Google, Microsoft, Qualcomm and Baidu Announce Joint Investment in CloudFlare - oroup
http://www.forbes.com/sites/katevinton/2015/09/22/google-microsoft-qualcomm-and-baidu-announce-joint-investment-cloudflare/
======
chubot
If your website is well-coded and administered, does CloudFlare offer any
performance benefit? (leaving aside security for now)

If a page is static, then CloudFlare can cache it. But if you set your cache
headers appropriately, and use efficient serving code like nginx, I imagine
serving static content is pretty darn cheap.

If a page is dynamic, then how can CloudFlare really speed it up? You don't
want them serving stale pages to users. So it has to hit your server every
time, in which case the user might as well hit your server. In that case, I
don't really see how CloudFlare improves things.

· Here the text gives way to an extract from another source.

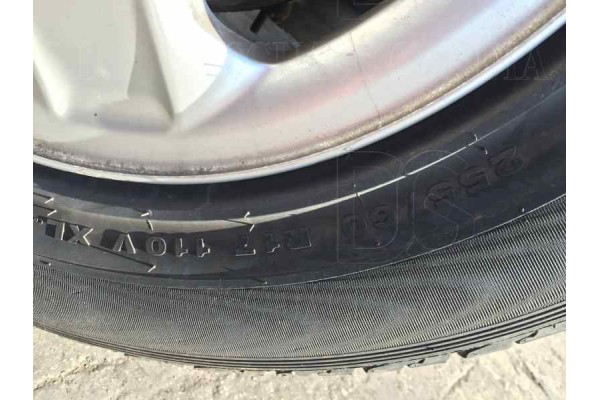 Mercedes-Benz Clase ML (BM 163) 270 CDI (163.113) 2003 para piezas | Desguace Gandia SL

Am I misunderstanding how CloudFlare works? It seems like if you follow
typical performance tips like [1] then most of CloudFlare's benefit is
eliminated.

I guess [1] does tell you to use a CDN. You can save end user network latency
for cached static pages, since they cache them in multiple geographic
locations. But if you have a simple site with 1 .js and 1 .css file per page,
and compress and minify everything, I wonder if it's worth it.

[1] [http://www.amazon.com/dp/0596529309](http://www.amazon.com/dp/0596529309)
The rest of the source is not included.